The task
Nothing but a verbatim copy of the data, minus the images, should be returned.

Provided material
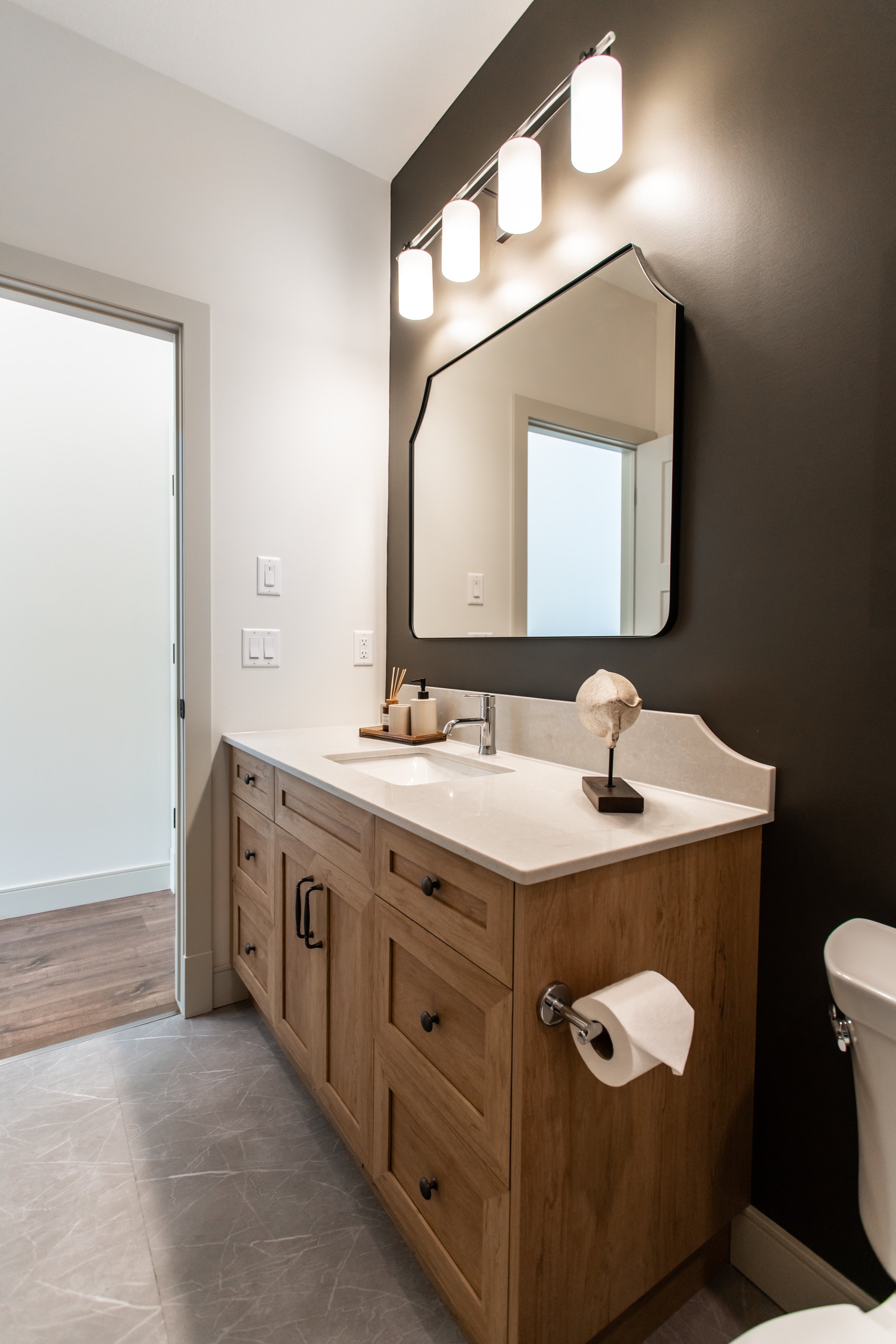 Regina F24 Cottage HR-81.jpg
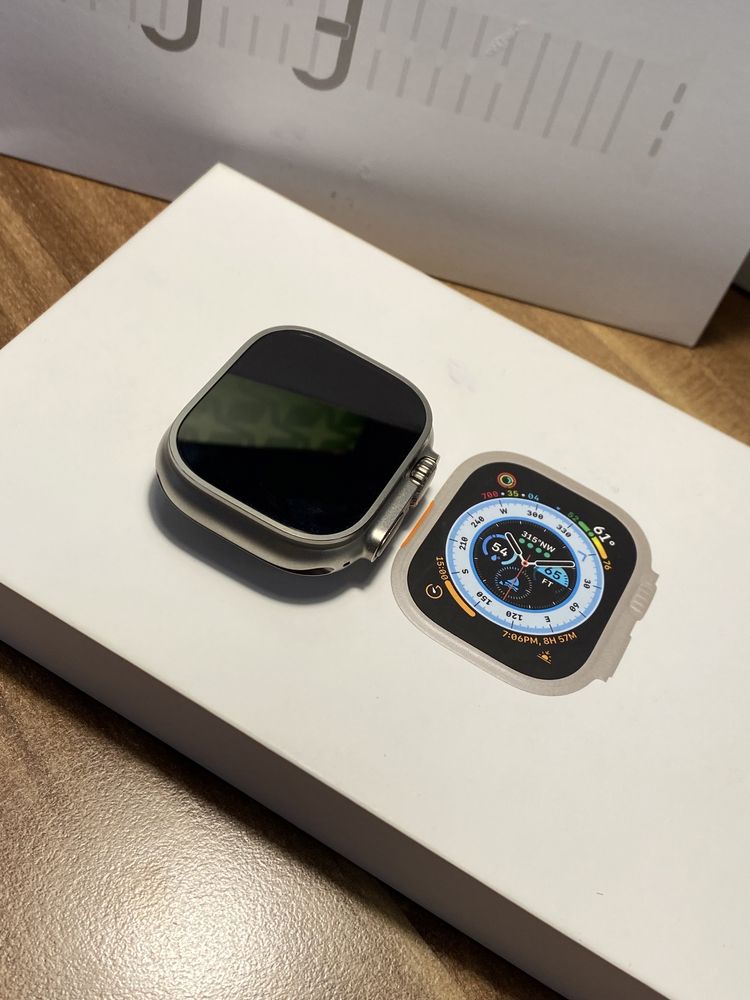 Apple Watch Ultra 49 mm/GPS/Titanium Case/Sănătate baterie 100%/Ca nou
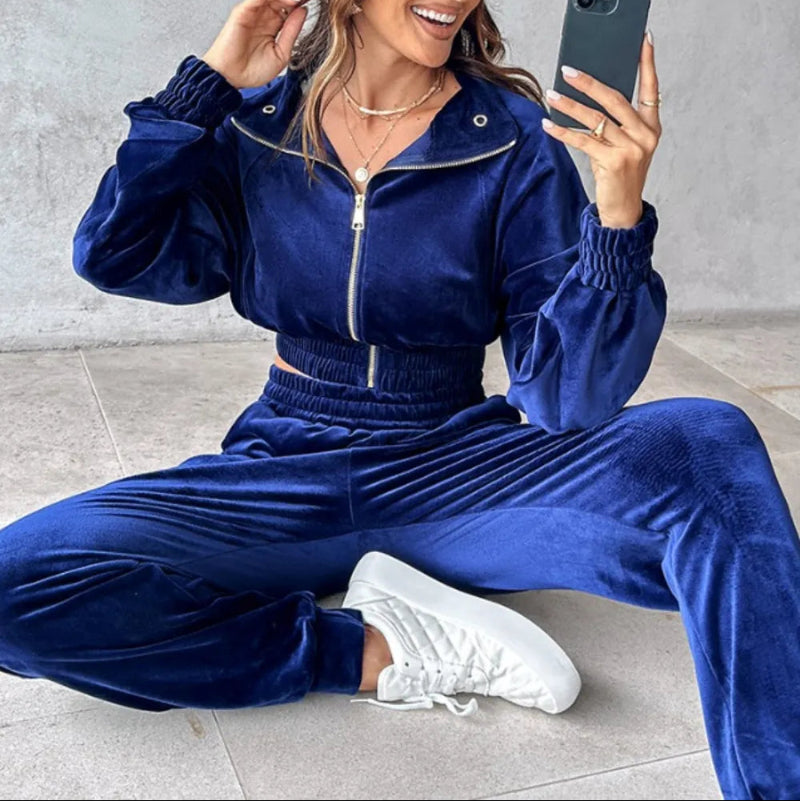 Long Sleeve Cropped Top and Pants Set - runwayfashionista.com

Answer box
 Regina F24 Cottage HR-81.jpg
 Apple Watch Ultra 49 mm/GPS/Titanium Case/Sănătate baterie 100%/Ca nou
 Long Sleeve Cropped Top and Pants Set - runwayfashionista.com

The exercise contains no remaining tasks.